* _WHAT IS NEEDED_: Print the entries exactly; skip the pictures.

* _MATERIAL PROVIDED_:

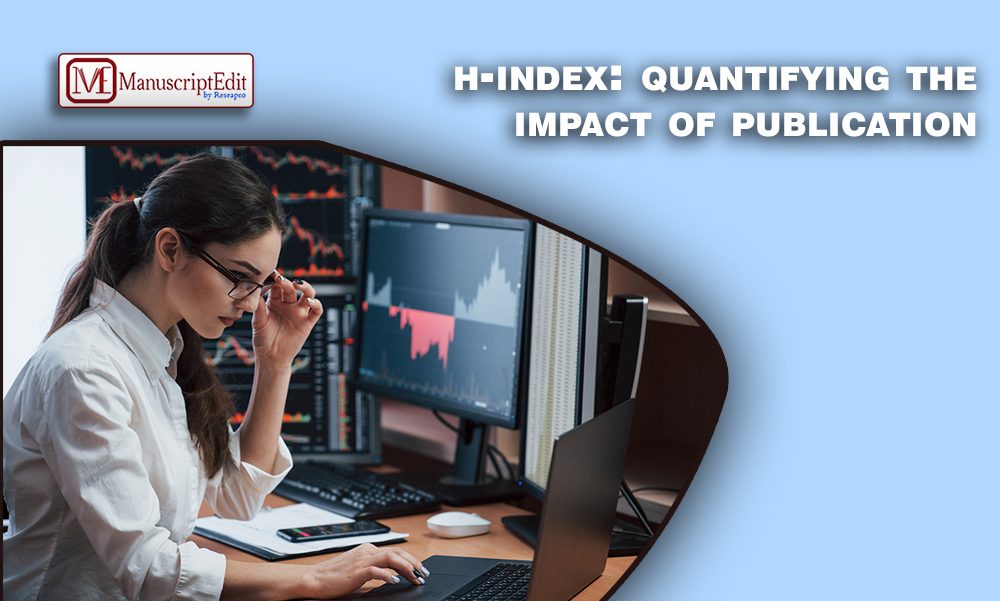 h-index: quantifying the impact of publication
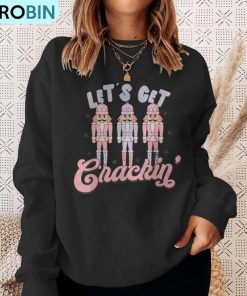 retro-christmas-lets-get-crackin-nutcrackers-vintage-xmas-ugly-christmas-sweatshirt-4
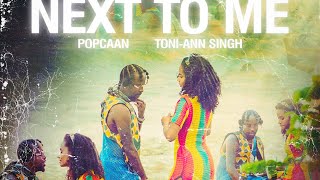 Popcaan Feat. Toni-Ann Singh - Next To Me (Official Audio) November 2022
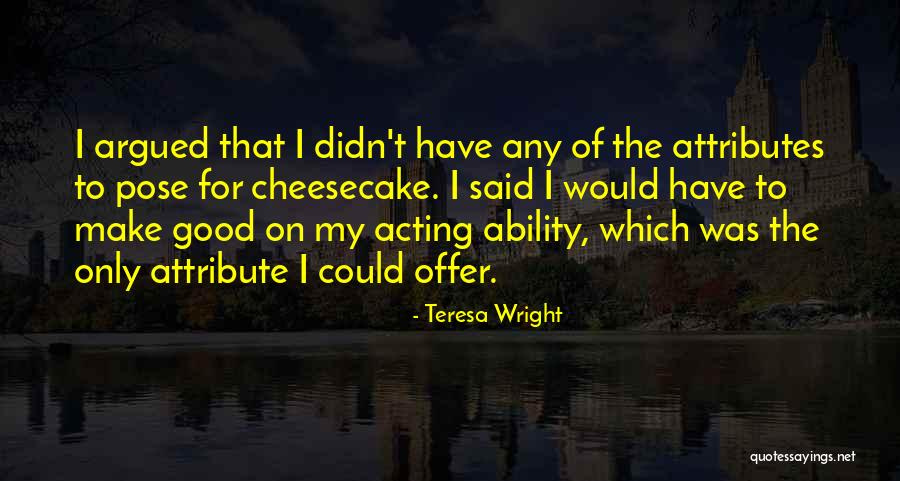 Teresa Wright Quotes 632688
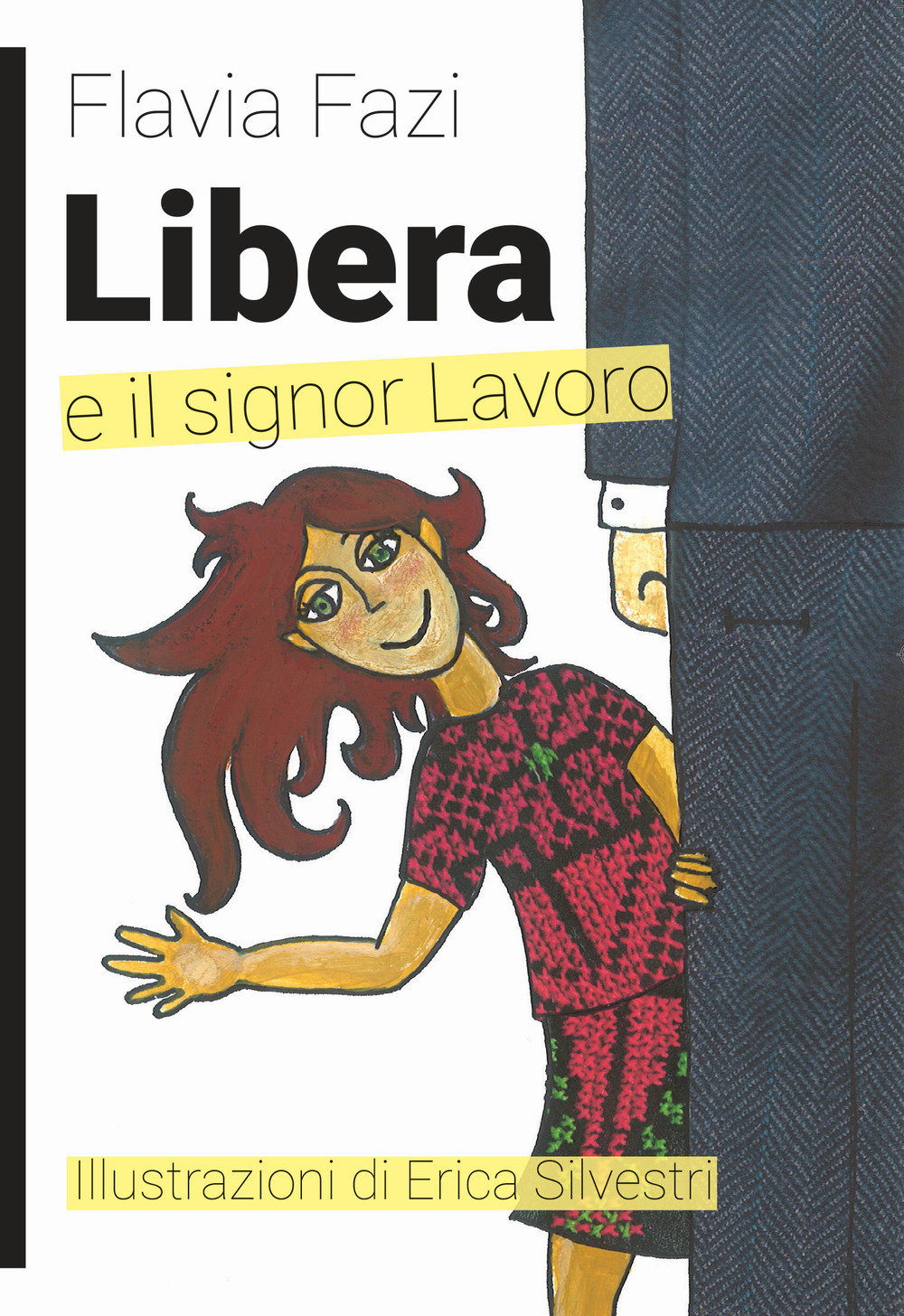 Libera e il signor Lavoro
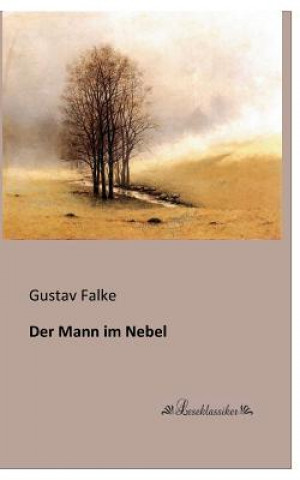 Carte Mann im Nebel Gustav Falke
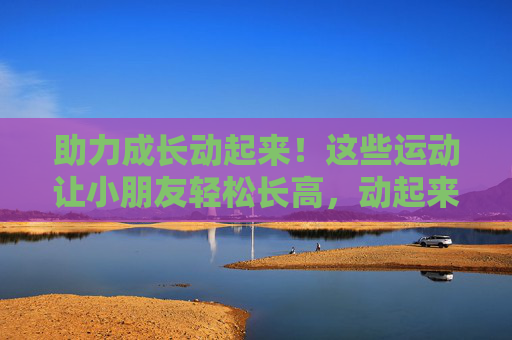 助力成长动起来!这些运动让小朋友轻松长高,动起来助成长!小朋友轻松长高运动 助力成长动起来!这些运动让小朋友轻松长高,动起来助成长!小朋友轻松长高运动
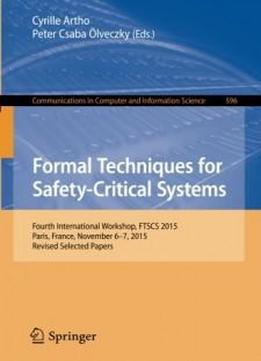 Formal Techniques For Safety-critical Systems: 4th International Workshop, Ftscs 2015, Paris, France, November 6-7, 2015. Revised Selected Papers (communications In Computer And Information Science)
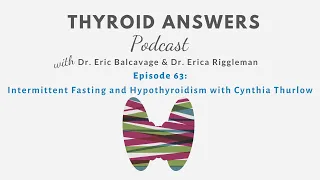 Episode 63: Intermittent Fasting and Hypothyroidism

* _RESULT OF THE EXERCISE_:
 h-index: quantifying the impact of publication
 retro-christmas-lets-get-crackin-nutcrackers-vintage-xmas-ugly-christmas-sweatshirt-4
 Popcaan Feat. Toni-Ann Singh - Next To Me (Official Audio) November 2022
 Teresa Wright Quotes 632688
 Libera e il signor Lavoro
 Carte Mann im Nebel Gustav Falke
 助力成长动起来!这些运动让小朋友轻松长高,动起来助成长!小朋友轻松长高运动 助力成长动起来!这些运动让小朋友轻松长高,动起来助成长!小朋友轻松长高运动
 Formal Techniques For Safety-critical Systems: 4th International Workshop, Ftscs 2015, Paris, France, November 6-7, 2015. Revised Selected Papers (communications In Computer And Information Science)
 Episode 63: Intermittent Fasting and Hypothyroidism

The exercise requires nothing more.